Set environment variables:

export TERMINAL_ENV=modal
export TERMINAL_MODAL_IMAGE=python:3.11
export TERMINAL_MODAL_APP_NAME=hermes-sandbox

Or use a YAML config file (modal_profiles.yaml):

profiles:
  default:
    image: python:3.11
    cpu: 1.0
    memory: 2048
    min_pool: 1
    max_pool: 5
    idle_timeout: 120

  gpu:
    image: pytorch/pytorch:2.1.0-cuda12.1-cudnn8-runtime
    gpu: T4
    memory: 16384
    min_pool: 0
    max_pool: 2

Features

Feature Description
Sandbox Pool Pre-warmed sandboxes for low latency
Auto-scaling Grows/shrinks pool based on demand
Idle Timeout Sandboxes auto-terminate when unused
Profile Selection Different configs for different workloads
Credential Injection modal.Secret integration

Usage

from tools.terminal_tool import terminal_tool

# Simple command
output = terminal_tool("echo hello", task_id="my-task")

# With profile selection
output = terminal_tool("python train.py", task_id="training", profile="gpu")

# Cleanup when done
from tools.terminal_tool import cleanup_vm
cleanup_vm("my-task")

Architecture

_ModalPoolManager (singleton)
    ├── "default" pool → [sandbox-0, sandbox-1, ...]
    └── "gpu" pool     → [sandbox-0, ...]

Each pool:
  - Maintains min_pool warm sandboxes
  - Scales up to max_pool on demand  
  - Background thread scales down idle sandboxes

Atropos Backend (RL Training)

The Atropos backend is designed for high-throughput batch execution during reinforcement learning training.

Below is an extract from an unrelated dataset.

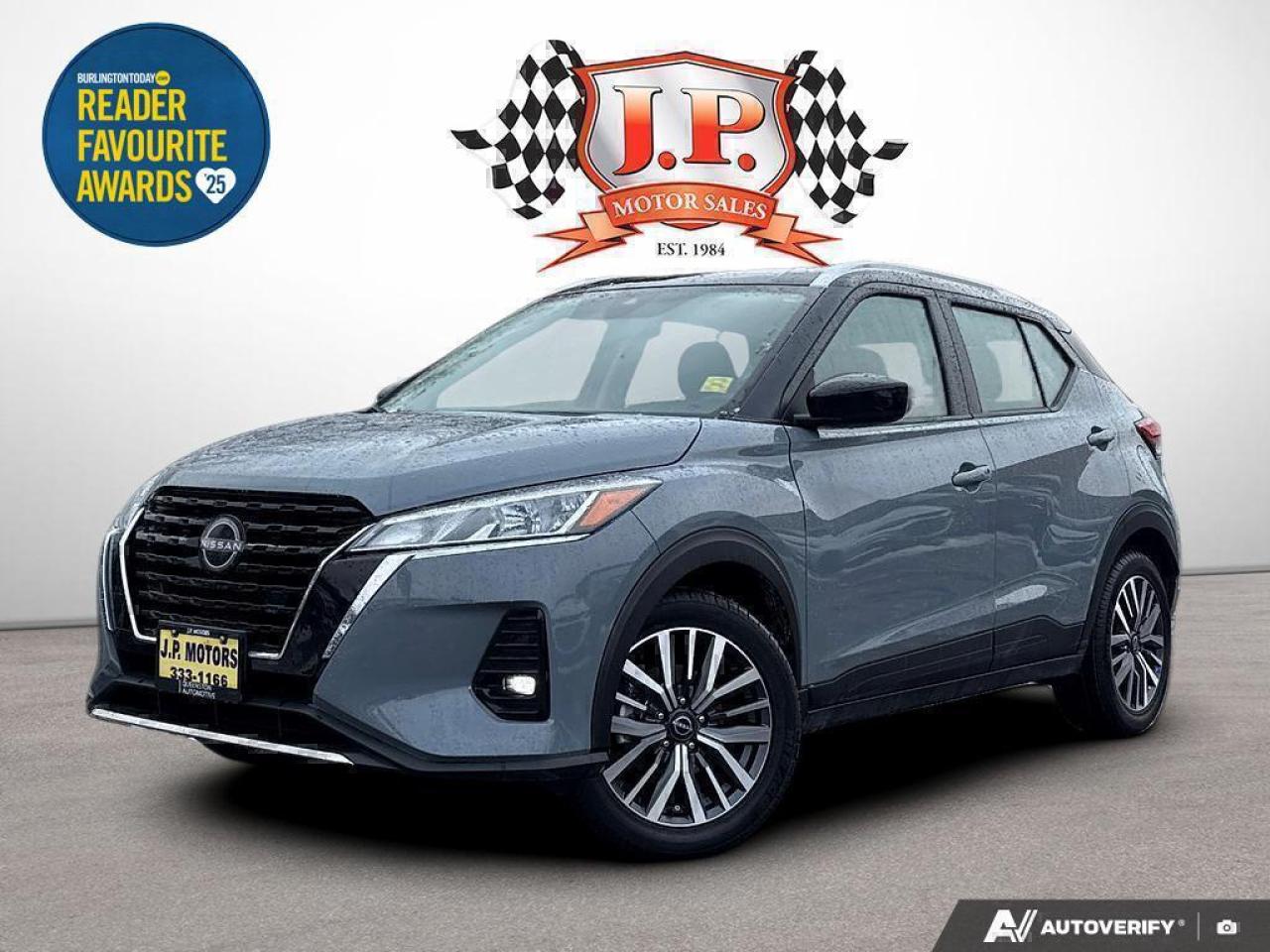 2024 Nissan Kicks SV BACKUP CAM   BLUETOOTH   HTD SEATS   KEYLESS EN Photo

Key Concept: Slot-based Multiplexing

Instead of one sandbox per trajectory, multiple trajectories share sandboxes via slots:

Sandbox (1 container)
    ├── Slot 0 → Trajectory A (workspace: /data/slot_0)
    ├── Slot 1 → Trajectory B (workspace: /data/slot_1)
    └── Slot 2 → Trajectory C (workspace: /data/slot_2)

Benefits:

  • Fewer containers = lower cost
  • Shared warm-up time
  • Better GPU utilization

Configuration

from atropos.backends.modal_backend import ModalSandboxConfig, ModalToolBackend

config = ModalSandboxConfig(
    name="default",
    image="python:3.11",
    cpu=1.0,
    memory=2048,
    slots_per_sandbox=10,  # 10 trajectories per container
    min_sandboxes=1,
    max_sandboxes=5,
)

backend = ModalToolBackend(config.with_app_name("my-training"))

Multi-Profile Support

Different trajectory types can request different resources:

backend = ModalToolBackend.with_profiles(
    app_name="rl-training",
    profiles={
        "default": ModalSandboxConfig(
            name="default",
            cpu=1.0,
            memory=2048,
        ),
        "pytorch-gpu": ModalSandboxConfig(
            name="pytorch-gpu",
            image="pytorch/pytorch:2.1.0-cuda12.1-cudnn8-runtime",
            gpu="T4",
            memory=16384,
        ),
    }
)

# CPU task
slot1 = await backend.acquire("traj-1", profile="default")

# GPU task
slot2 = await backend.acquire("traj-2", profile="pytorch-gpu")

Batched Execution

The key optimization - execute many commands in parallel:

# Acquire slots for multiple trajectories
slots = [await backend.acquire(f"traj-{i}") for i in range(50)]

# Execute batch across all slots in parallel
results = await backend.execute_batch([
    (slot, "bash", {"command": "python step.py"})
    for slot in slots
])

# Release slots
for slot in slots:
    await backend.release(slot)

Architecture

ModalToolBackend
    └── _ModalMultiProfileManager
            ├── "default" → _ModalSandboxPool
            │                   ├── Sandbox 0 (slots 0-9)
            │                   └── Sandbox 1 (slots 0-9)
            │
            └── "pytorch-gpu" → _ModalSandboxPool
                                    └── Sandbox 0 (slots 0-9)

Credentials

Inject secrets securely using Modal's secret management:

# Create secret in Modal dashboard or CLI
modal secret create my-api-key API_KEY=sk-xxx
# Reference in config
config = ModalSandboxConfig(
    secrets=["my-api-key"],  # Modal secret names
    env_vars={"DEBUG": "1"},  # Additional env vars
)

Troubleshooting

"Modal package not installed"

pip install modal
modal token new  # Authenticate

"Sandbox creation failed"

  • Check Modal dashboard for quota limits
  • Verify image exists and is accessible
  • Check secret names are correct

Shutdown errors

These are harmless warnings during Python interpreter shutdown:

[Modal] Error terminating ...: cannot schedule new futures after interpreter shutdown

The sandboxes will auto-terminate via Modal's idle_timeout anyway.